Pictures found in the material must be left out, and every line returned as written.

- COLLECTED MATERIAL:
_ _ _ _ _

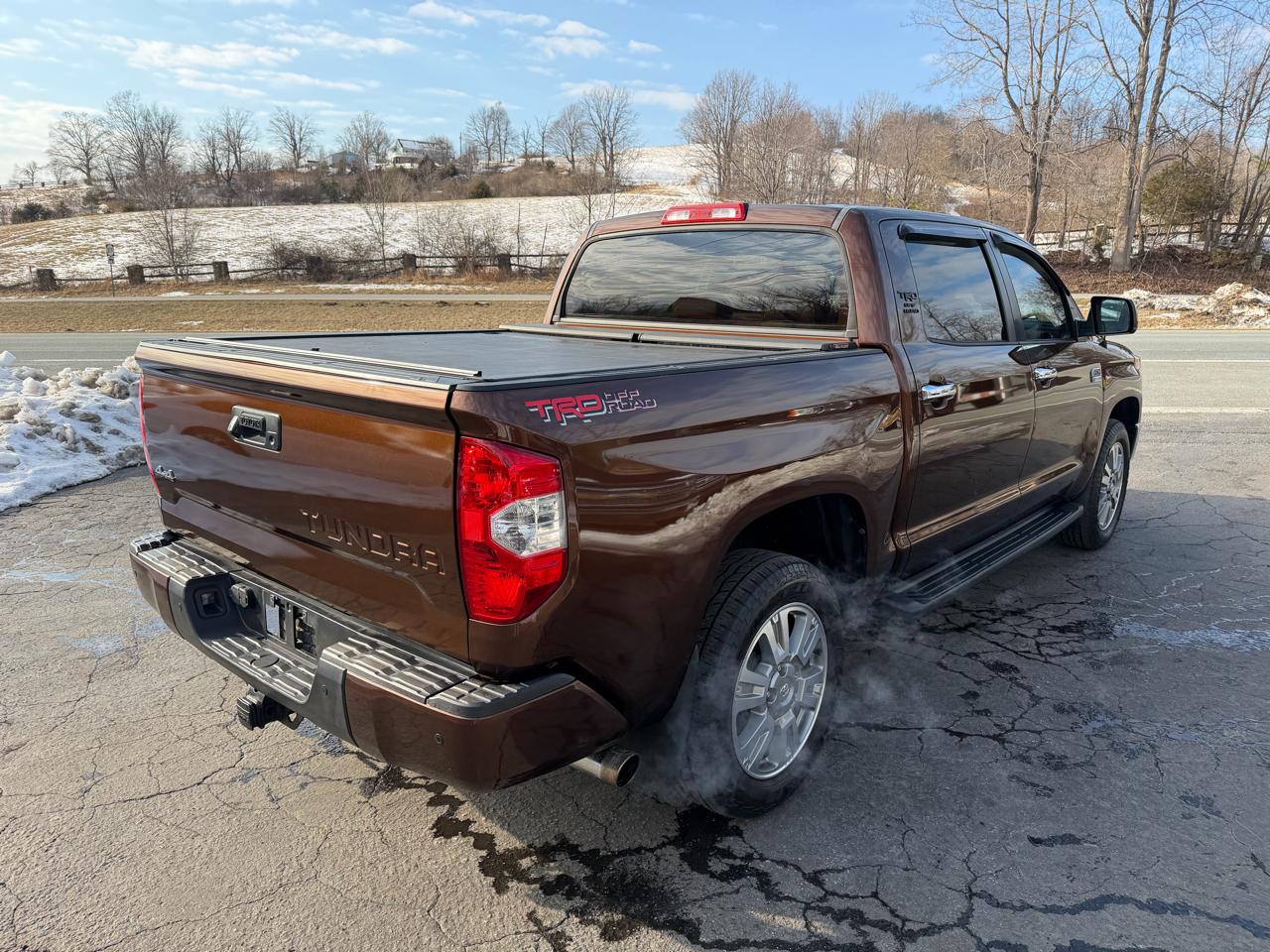 Toyota Tundra 4WD Truck CrewMax 5.7L FFV V8 6-Spd AT 1794 (Natl) 2014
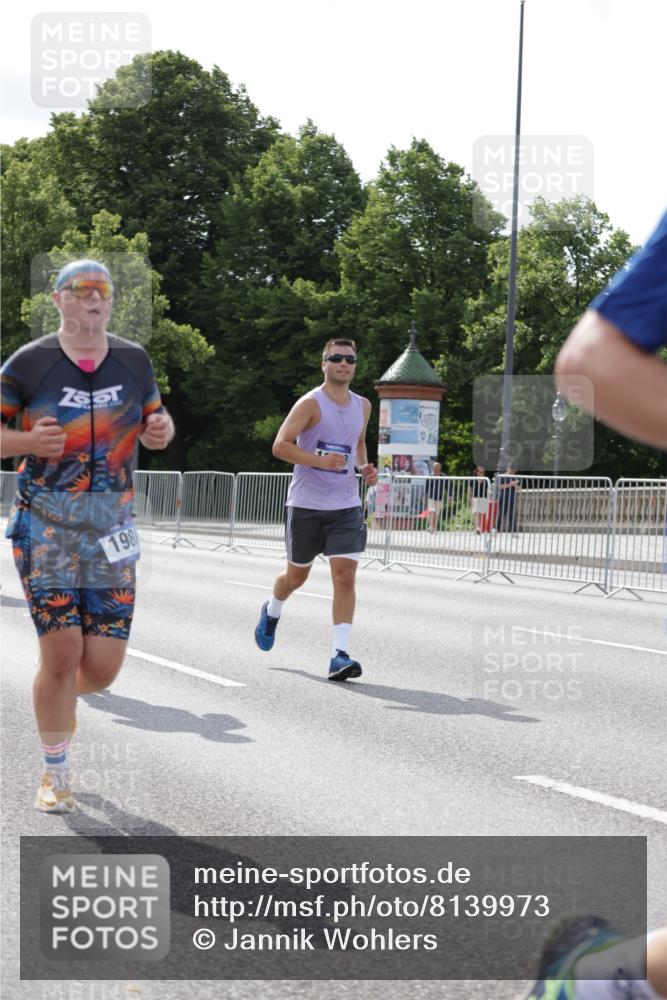 29.06.2025 - hella hamburg halbmarathon Jannik Wohlers http://msf.ph/oto/8139973 29.06.2025 10:05:04 Lombardsbrücke 1863, 1936, 1981, 2288, 2298, 2624, 3578, 4014, 4782, 5073, 6059, 9075, 9165, 9559, 9680, 9736, 9737, 9738, 10343, 10694, 11784, 11873, 11958, 12557, 13221, 14465, 14642, 16092, 16478, 16546, 16847, 18616, 18617, 19034, 19248 meine-sportfotos.de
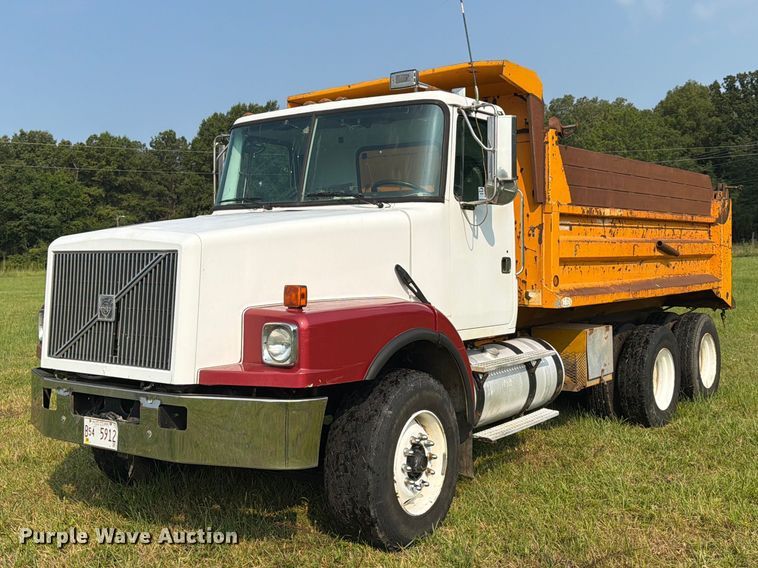 2001 Volvo WG dump truck - FN2026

_ _ _ _ _

- SOLUTION:
 Toyota Tundra 4WD Truck CrewMax 5.7L FFV V8 6-Spd AT 1794 (Natl) 2014
 29.06.2025 - hella hamburg halbmarathon Jannik Wohlers http://msf.ph/oto/8139973 29.06.2025 10:05:04 Lombardsbrücke 1863, 1936, 1981, 2288, 2298, 2624, 3578, 4014, 4782, 5073, 6059, 9075, 9165, 9559, 9680, 9736, 9737, 9738, 10343, 10694, 11784, 11873, 11958, 12557, 13221, 14465, 14642, 16092, 16478, 16546, 16847, 18616, 18617, 19034, 19248 meine-sportfotos.de
 2001 Volvo WG dump truck - FN2026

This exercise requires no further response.